Recent studies found that adolescents living in neighborhood with higher homicide rates have a significant impact on health and adolescent well-being25–29. Our findings are similar to this previous evidence, which may be due to widespread violence and organized crime in Mexico. Crime can potentially exacerbate drug use that has unintended consequences such as adolescent pregnancy and sexually transmitted diseases, and becoming a victim of physical or sexual abuse26,30–32.

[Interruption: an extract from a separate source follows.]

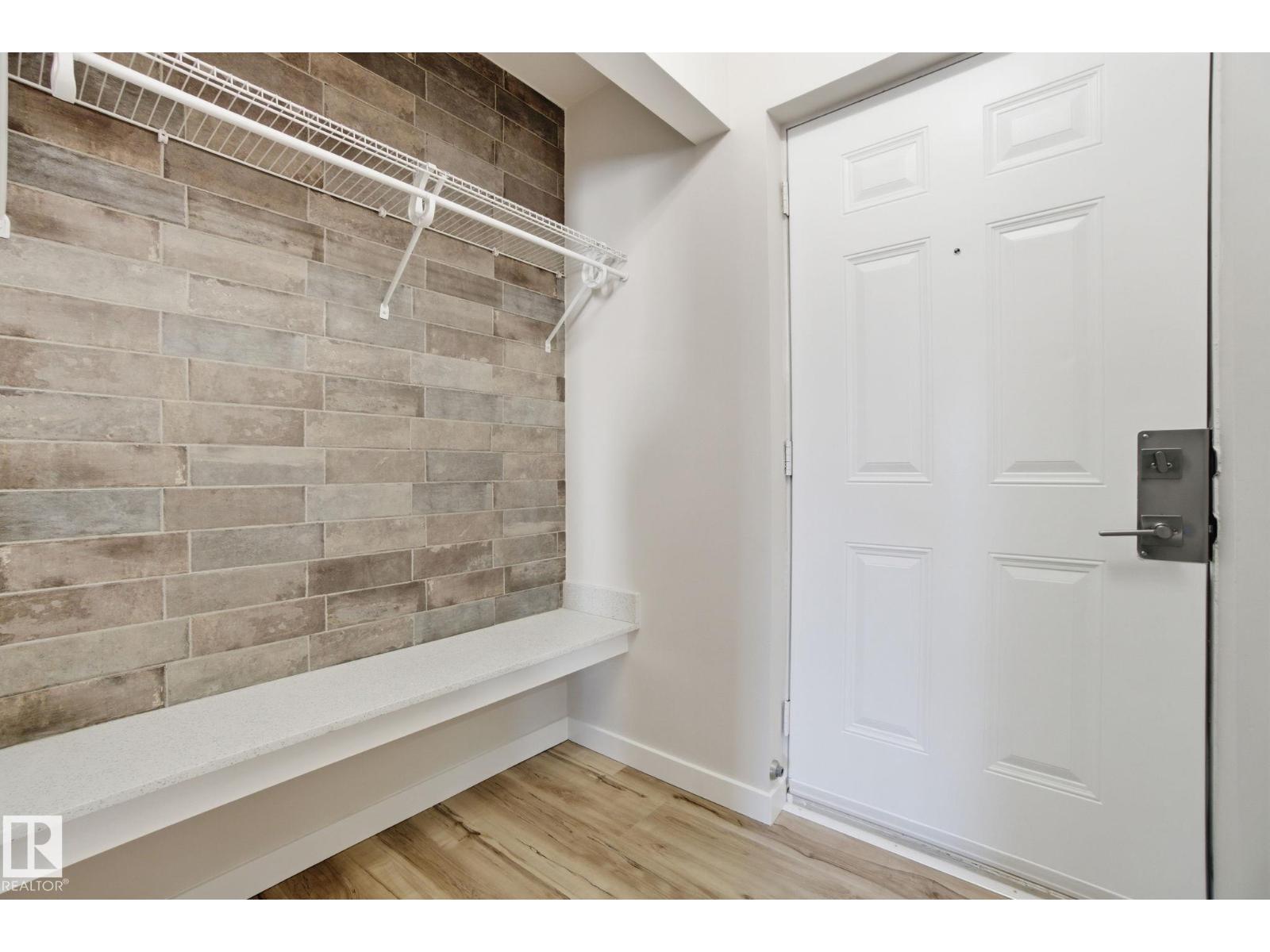 71 Lancaster TC NW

Additionally, our findings show that adolescent pregnancy was strongly associated with school attendance, use of Information and Communication Technology, education, and targeted programs. Prior research found that adolescents living in neighborhoods with concentrated poverty are associated with higher unemployment rates, lower education level, and higher adolescent pregnancy rates, initiating sexual intercourse at younger ages33–38. Furthermore, being a CCT-POP beneficiary in Mexico was associated with a lower prevalence of early unions and pregnancies, as well as a higher school prevalence, which could be due to the cash incentives provided by the program, so that adolescents stay in school39,40.
Strengths and limitations
To our knowledge, this is the first study in Mexico showing nationally representative information with strong association between adolescent pregnancy and psychoactive substance use. Nonetheless, some limitations must be considered. First, causality cannot be determined due to the cross-sectional nature of the study design. Second, it was not possible to analyze whether a girl/woman used illegal drugs or non-prescribed medical drugs. Third, the environmental factors were measured at the federal entity level, which was the geographical level that was available for ENCODAT. The lack of disaggregated information on key exposures might limit our ability observe associations. For example, we acknowledge that homicide rates might not capture all the violence occurring in an area, which might be underestimating the association between the true contextual violence and adolescent pregnancy. Finally, we do not have the information of new psychoactive substances (NPS) use. Previous studies showed that adolescents may be more vulnerable to the harmful effects of these drugs than adults41,42.
CONCLUSIONS
Our findings show that a mix of individual and environmental factors was associated with adolescent pregnancy. Individual factors such as school attendance, education level, and cash transfer programs, as well as environmental factors such as prevalence of psychoactive substance use and population density, influenced adolescent pregnancy. Our study provides insights that can be used to lead policies and plan actions to prevent adolescent pregnancy and reduce high rates in the Mexican population.